Common workflows include:

- `Exploratory Data Analysis (EDA)` such as visualizing the embeddings in a TSNE plot to better understand the graph structure and potential clusters of nodes
- `Similarity Measurements`: Node embedding allows you to scale similarity inferences in large graphs using K Nearest Neighbor (KNN) or other techniques. This can be useful for scaling memory based recommendation systems, such as variations of collaborative filtering. It can also be used for semi-supervised techniques in areas like fraud detection, where, for example, we may want to generate leads that are similar to a group of known fraudulent entities.
- `Features for Machine Learning`: Node embedding vectors naturally plug in as features for a variety of machine learning problems. For example, in a graph of user purchases for on online retailer, we could use embeddings to train a machine learning model to predict what products a user may be interested in buying next.

### FastRP

GDS offers a custom implementation of a node embedding technique called **Fast Random Projection**, or **FastRP** for short. FastRP leverages probabilistic sampling techniques to generate sparse representations of the graph allowing for extremely fast calculation of embedding vectors that are comparative in quality to those produced with traditional random walk and neural net techniques such as **Node2vec** and **GraphSage**.

### Other Node Embedding Algorithms
GDS has also implemented **Node2Vec**, which computes a vector representation of a node based on random walks in the graph, and **GraphSage**, which is an inductive modeling approach for computing node embeddings using node properties and graph structure.


## Similarity
**Similarity algorithms**, as the name implies, **are used to infer similarity between pairs of nodes.** 

 **When similar node pairs are identified according to the user specified metric and threshold, a relationship with a similarity score property is drawn between the pair**. 

Common use cases for similarity include:

- **Fraud detection**: finding potential fraud user accounts by analyzing how similar a set of new user accounts is to flagged accounts
- **Recommendation Systems**: In an online retail store, identifying items that pair to the one currently being viewed by a user to inform impressions and increase rate of purchase
- **Entity Resolution**: Identify nodes that are similar to one another based on activity or identifying information in the graph

GDS has **two** primary similarity algorithms:

- `Node Similarity`: Determines similarity between nodes **based on the relative proportion of shared neighboring nodes in the graph**. Node Similarity is a good choice where explainability is important, and you can narrow down the universe of comparisons to a subset of your data.
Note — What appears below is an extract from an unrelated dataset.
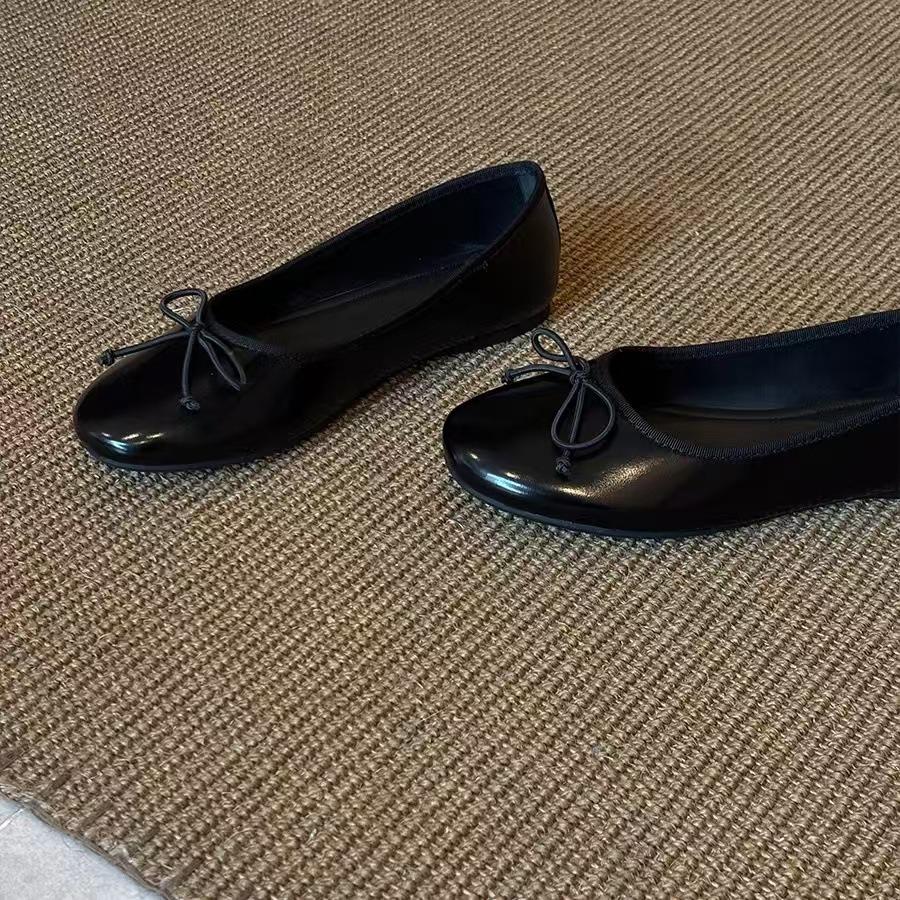 

Sheepskin [ballet] versatile round head ballet shoes bow light mouth flat sole single shoes soft sole small leather shoes 40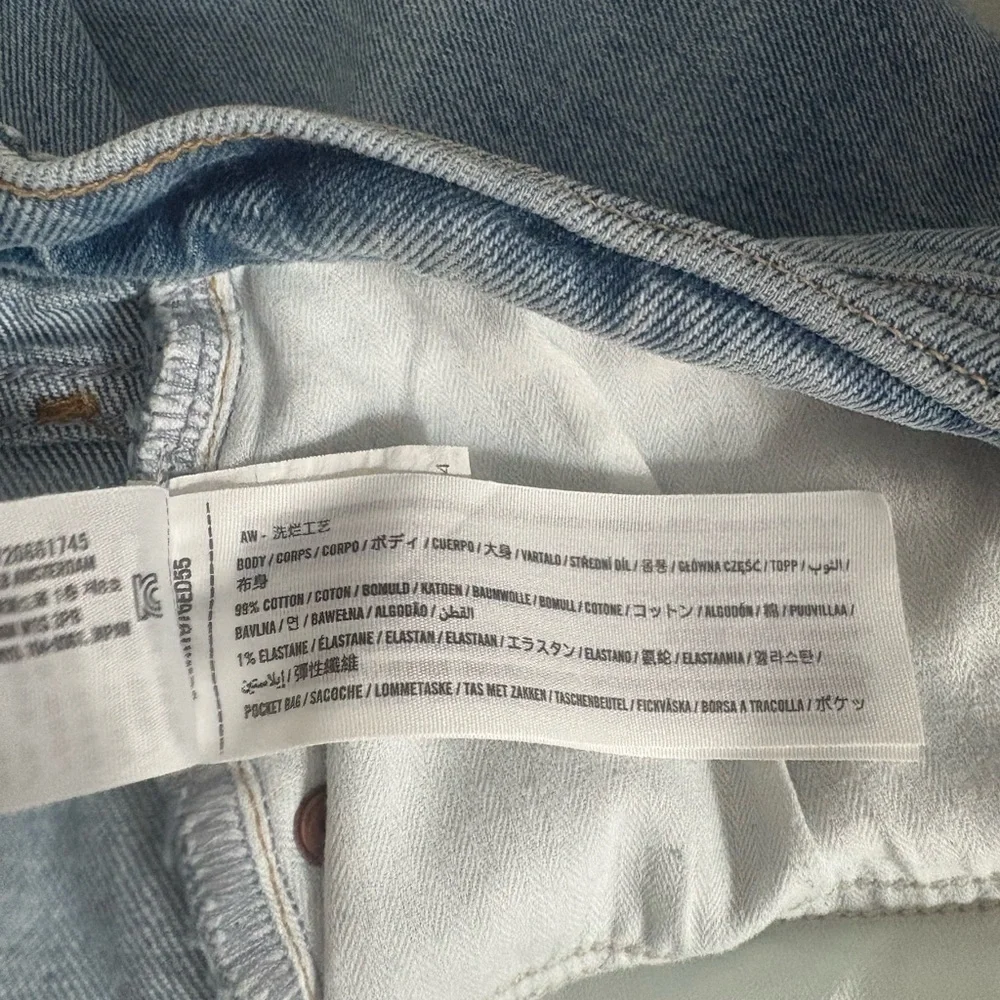 Abercrombie & Fitch The Baggy Low Rise Denim Cuffed Hem Jeans size 12/31 - Picture 6 of 7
Examples of narrowing down include focusing on just single communities, newly added nodes, or nodes within a specific proximity to a subgraph of interest.
- `K-Nearest Neighbor (KNN)`: Determines similarity **based off node properties**. The GDS KNN implementation can scale well for global inference over large graphs when tuned appropriately. **It can be used in conjunction with embeddings and other graph algorithms to determine the similarity between nodes based on proximity in the graph, node properties, community structure, importance/centrality, etc.**

Both `Node Similarity` and `KNN` **provide choices between different similarity metrics**. Node Similarity has choices between `Jaccard` and `Overlap similarity`. KNN choice of metric is driven by the node property types. List of integers are subject to Jaccard and Overlap, list of floating point numbers to `Cosine Similarity`, `Pearson`, and `Euclidean`.


**Comparing every node to every other node in the graph is a computationally expensive task of roughly `O(n^2)` complexity.**

**Node Similarity** has a `degreeCutOff` parameter for nodes which allows you to **set a lower limit on the degree centrality** for nodes to be selected.

**KNN** has various parameters that can be tuned to affect the speed vs completeness trade-off of node comparisons, including sampling rate, initial sampler methodology, random join counts between iteration, and a few others.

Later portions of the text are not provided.